Hi Guenter,
Thanks for your feedback
On 24 May 2015 at 22:15, Guenter Roeck linux@roeck-us.net wrote:
On 05/24/2015 03:15 AM, Fu Wei wrote:
Hi Guenter,
On 24 May 2015 at 04:01, Guenter Roeck linux@roeck-us.net wrote:
On 05/23/2015 12:40 PM, Timur Tabi wrote: [ ... ]
I use emergency_restart(), because the watchdog-api.txt documentation says this:
"If userspace fails (RAM error, kernel bug, whatever), the notifications cease to occur, and the hardware watchdog will reset the system (causing a reboot) after the timeout occurs."
Maybe I'm reading this too literally, but to me this means that when the timeout expires, the system has to reset immediately.
However, maybe panic() is better, since it can do the same thing and more.
I have a specific requirement at work to have watchdog expiration (not this watchdog, this is different HW) result in a panic, specifically to enable crashdump support and thus post-mortem analysis.
I had not thought about this use case myself, and I had always wondered why watchdog driver implementers would choose to call panic() after an interrupt or NMI. But we live and learn, so now I finally understand.
In the pretimeout/timeout world, the pretimeout would (typically) result in a panic, and the timeout would result in a reset. So one would set the timer register to 10s for 10s pretimeout and 20s timeout.

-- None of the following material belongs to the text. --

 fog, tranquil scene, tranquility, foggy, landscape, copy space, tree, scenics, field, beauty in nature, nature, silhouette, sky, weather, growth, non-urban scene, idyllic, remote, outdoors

However, the pretimeout concept assumes that there are two timers which can be set independently. As you had pointed out earlier, and as the specification seems to confirm, that is not the case here.
Sorry, in Documentation/watchdog/watchdog-api.txt, I can not get the info about " the pretimeout concept assumes that there are two timers which can be set independently." Could you kindly point out where is the assumption.

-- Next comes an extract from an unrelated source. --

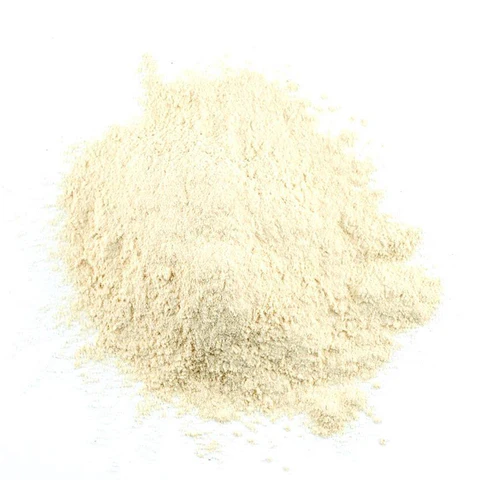 Cebola em Pó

I thinks in kernel documentation, that meams "one watchdog has two timeout stages", maybe I miss something. Could you help me out?

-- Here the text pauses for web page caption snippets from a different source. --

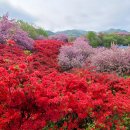 완산공원(정상) 이미지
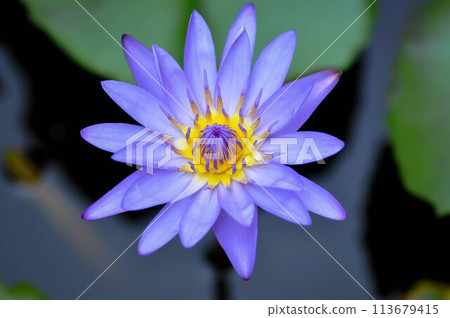 lotus or florescent purple lotus 113679415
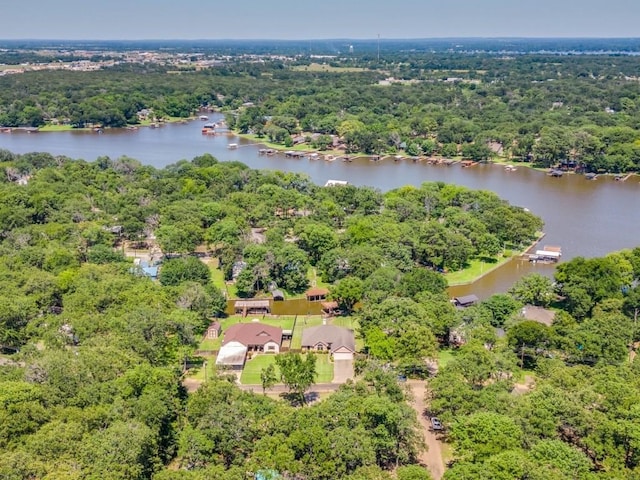 birds eye view of property with a water view and a forest view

My apologies. Terminology problem; see below.
Note that the pretimeout, as documented, is a difference to the real timeout, not an absolute time (which I had not realized before).
"Note that the pretimeout is the number of seconds before the time when the timeout will go off. It is not the number of seconds until the pretimeout. So, for instance, if you set the timeout to 60 seconds and the pretimeout to 10 seconds, the pretimeout will go off in 50 seconds. Setting a pretimeout to zero disables it."
yes , this patchset is designed for this pretimeout concept
As such, I don't really understand why and how the pretimeout / timeout concept would add any value here and not just make things more complicated than necessary. Maybe I am just missing something.
If pretimeout concept assumes that there are two timers, I misunderstand the "pretimeout", then I will delete the pretimeout immediately.
I think I used the wrong term. I should have said something like "two distinct timeout values".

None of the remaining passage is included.